This, from Google's Pierre Far, in a comment on The Next Web coverage [thenextweb.com...] is Pierre's clearest statement I've seen on the topic...

I work at Google in search and was involved in this launch. I'd like to clarify one tiny detail as I initially misread it. Adding the schema.org markup to your homepage makes the site eligible for the new search box but doesn't guarantee it. We have algos that look at a whole slew of signals to decide if/when to show the search box for a given site and query.

This means you should add the markup if you have a site-specific search so that when the algos find enough support to show it, the search points to your site's search feature.
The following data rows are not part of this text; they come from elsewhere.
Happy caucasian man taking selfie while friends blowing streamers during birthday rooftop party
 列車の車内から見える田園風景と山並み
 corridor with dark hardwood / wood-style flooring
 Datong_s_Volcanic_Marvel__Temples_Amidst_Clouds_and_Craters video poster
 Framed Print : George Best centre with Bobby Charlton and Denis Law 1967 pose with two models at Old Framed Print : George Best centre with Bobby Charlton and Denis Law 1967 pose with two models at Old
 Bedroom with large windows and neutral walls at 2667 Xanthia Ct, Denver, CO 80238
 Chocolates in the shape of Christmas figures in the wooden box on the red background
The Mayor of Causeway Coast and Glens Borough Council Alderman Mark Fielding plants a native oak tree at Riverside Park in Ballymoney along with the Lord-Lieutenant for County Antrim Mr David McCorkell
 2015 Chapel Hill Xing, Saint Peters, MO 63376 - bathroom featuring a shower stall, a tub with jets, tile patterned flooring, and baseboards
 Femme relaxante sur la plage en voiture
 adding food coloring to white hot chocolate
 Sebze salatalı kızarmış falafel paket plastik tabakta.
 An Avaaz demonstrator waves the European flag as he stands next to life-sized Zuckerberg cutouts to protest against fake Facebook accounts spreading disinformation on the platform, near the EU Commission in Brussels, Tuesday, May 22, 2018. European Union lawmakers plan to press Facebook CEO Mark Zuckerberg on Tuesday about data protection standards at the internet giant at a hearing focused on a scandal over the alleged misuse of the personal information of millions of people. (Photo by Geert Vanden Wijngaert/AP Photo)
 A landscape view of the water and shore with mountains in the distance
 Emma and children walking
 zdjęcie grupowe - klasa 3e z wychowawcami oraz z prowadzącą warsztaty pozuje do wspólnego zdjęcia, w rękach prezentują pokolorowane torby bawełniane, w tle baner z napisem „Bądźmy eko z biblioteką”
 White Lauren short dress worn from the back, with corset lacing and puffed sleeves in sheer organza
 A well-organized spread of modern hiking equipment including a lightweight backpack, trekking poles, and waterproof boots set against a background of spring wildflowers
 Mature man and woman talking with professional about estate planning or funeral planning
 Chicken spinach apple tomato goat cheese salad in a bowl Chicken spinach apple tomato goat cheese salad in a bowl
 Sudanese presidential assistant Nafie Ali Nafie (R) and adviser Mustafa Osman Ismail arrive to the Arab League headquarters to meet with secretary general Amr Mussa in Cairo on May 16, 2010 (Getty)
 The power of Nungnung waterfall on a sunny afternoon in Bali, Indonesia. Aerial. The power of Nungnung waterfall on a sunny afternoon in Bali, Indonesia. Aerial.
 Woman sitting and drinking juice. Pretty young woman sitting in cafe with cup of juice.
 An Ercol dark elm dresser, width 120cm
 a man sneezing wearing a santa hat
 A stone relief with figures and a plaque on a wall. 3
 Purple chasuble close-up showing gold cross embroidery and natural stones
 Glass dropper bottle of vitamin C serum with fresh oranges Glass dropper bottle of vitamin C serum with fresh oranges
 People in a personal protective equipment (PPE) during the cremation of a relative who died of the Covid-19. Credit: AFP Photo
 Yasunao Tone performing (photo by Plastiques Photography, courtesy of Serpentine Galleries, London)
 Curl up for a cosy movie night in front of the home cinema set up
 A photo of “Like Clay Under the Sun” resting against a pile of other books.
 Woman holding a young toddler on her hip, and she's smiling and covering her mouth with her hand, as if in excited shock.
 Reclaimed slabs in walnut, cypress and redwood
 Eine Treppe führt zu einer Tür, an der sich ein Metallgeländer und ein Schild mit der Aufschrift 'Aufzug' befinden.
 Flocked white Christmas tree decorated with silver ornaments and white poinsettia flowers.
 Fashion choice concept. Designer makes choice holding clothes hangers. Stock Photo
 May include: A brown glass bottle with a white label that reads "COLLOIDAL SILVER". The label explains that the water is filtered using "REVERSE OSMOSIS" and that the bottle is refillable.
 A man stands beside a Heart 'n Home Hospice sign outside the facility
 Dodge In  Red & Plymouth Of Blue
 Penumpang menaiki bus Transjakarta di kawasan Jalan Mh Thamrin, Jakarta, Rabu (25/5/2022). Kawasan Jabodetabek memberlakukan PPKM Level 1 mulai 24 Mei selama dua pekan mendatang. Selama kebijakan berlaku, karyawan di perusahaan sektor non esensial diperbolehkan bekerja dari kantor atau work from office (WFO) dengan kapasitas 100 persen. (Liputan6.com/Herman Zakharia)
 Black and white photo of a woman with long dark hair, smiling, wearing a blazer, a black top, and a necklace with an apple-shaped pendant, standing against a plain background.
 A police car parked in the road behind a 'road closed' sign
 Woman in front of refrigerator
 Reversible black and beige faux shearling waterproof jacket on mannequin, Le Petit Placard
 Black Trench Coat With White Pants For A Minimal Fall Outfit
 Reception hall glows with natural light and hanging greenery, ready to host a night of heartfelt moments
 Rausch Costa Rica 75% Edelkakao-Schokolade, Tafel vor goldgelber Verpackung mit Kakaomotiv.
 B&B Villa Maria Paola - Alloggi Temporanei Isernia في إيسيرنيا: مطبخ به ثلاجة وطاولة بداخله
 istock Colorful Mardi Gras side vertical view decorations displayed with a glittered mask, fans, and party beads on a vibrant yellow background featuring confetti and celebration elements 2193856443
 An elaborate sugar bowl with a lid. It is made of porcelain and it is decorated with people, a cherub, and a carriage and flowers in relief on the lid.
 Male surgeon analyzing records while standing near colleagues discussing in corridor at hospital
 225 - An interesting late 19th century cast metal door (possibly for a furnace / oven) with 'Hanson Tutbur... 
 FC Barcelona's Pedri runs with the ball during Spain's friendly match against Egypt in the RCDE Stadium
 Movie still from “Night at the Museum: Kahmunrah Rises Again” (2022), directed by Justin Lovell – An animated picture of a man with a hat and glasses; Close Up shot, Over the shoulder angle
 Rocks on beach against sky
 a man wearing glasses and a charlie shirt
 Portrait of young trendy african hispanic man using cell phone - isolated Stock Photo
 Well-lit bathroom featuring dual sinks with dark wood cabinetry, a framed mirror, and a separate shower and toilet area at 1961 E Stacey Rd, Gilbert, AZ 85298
More discussion on this at The Next Web, noted above, and also on Pierre's Google+ page [plus.google.com...]


Also, back to this discussion, regarding my question about whether Google can provide autocomplete if it's using your own site search function, graeme_p suggests that since Google has already indexed my site, they should be able to autocomplete. I have more questions about this....

a) there are many ecommerce sites, including Amazon, where Google hasn't indexed the whole site...
b) there are many ecommerce sites that have noindexed product pages to avoid Panda problems (eg, on similar commodity-type products where the search might be by SKU). These would be lost in Google search, but could be accomodated in a dedicated site search.

So, how is Google interfacing autocomplete with the site's own search function? I can imagine many cases where I don't think it's possible.

netmeg

6:00 pm on Sep 18, 2014 (gmt 0)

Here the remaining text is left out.